*What you need to do*:
What you return should be the exact lines from the one with "Picasee ULTIMATE CASE" to the end of the records below, both included, and no pictures.

*The input*:

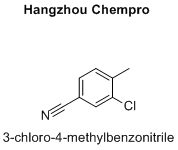 3-chloro-4-methylbenzonitrile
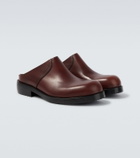 Dries Van Noten Leather mules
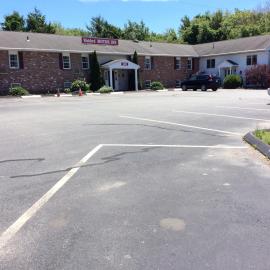 Wickford Motor Inn, hotel a North Kingstown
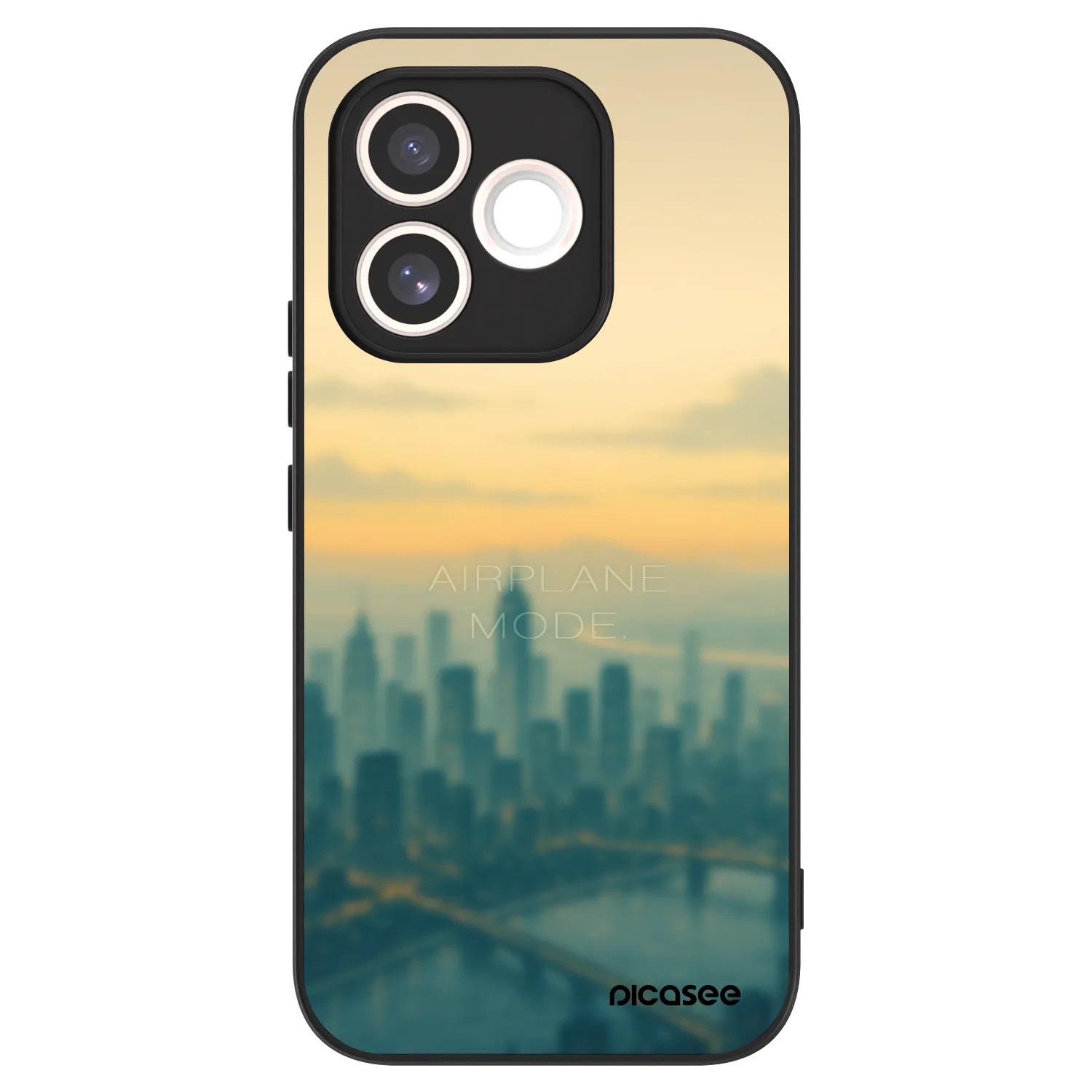 Picasee ULTIMATE CASE Honor 600 Lite - készülékre - Airplane mode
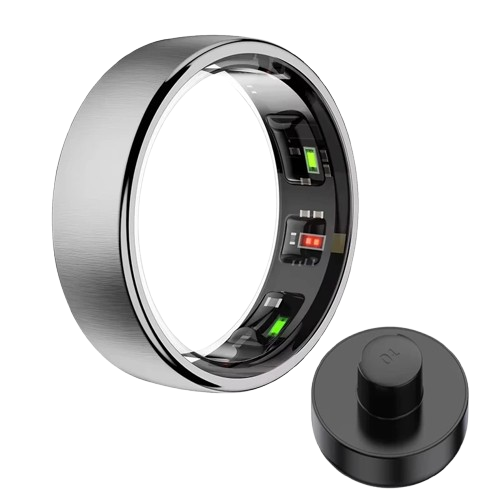 Unisex Smart Ring Männer Frauen Gesundheit Schlaf Monitor Andriod IOS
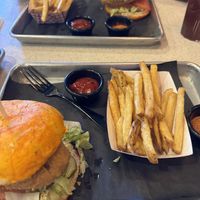   at Flippin' Good in Las Vegas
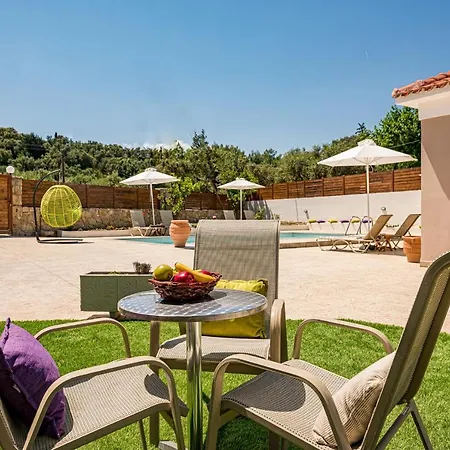 Sofoklis Villa *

*Answer section*:
 Picasee ULTIMATE CASE Honor 600 Lite - készülékre - Airplane mode
 Unisex Smart Ring Männer Frauen Gesundheit Schlaf Monitor Andriod IOS
   at Flippin' Good in Las Vegas
 Sofoklis Villa *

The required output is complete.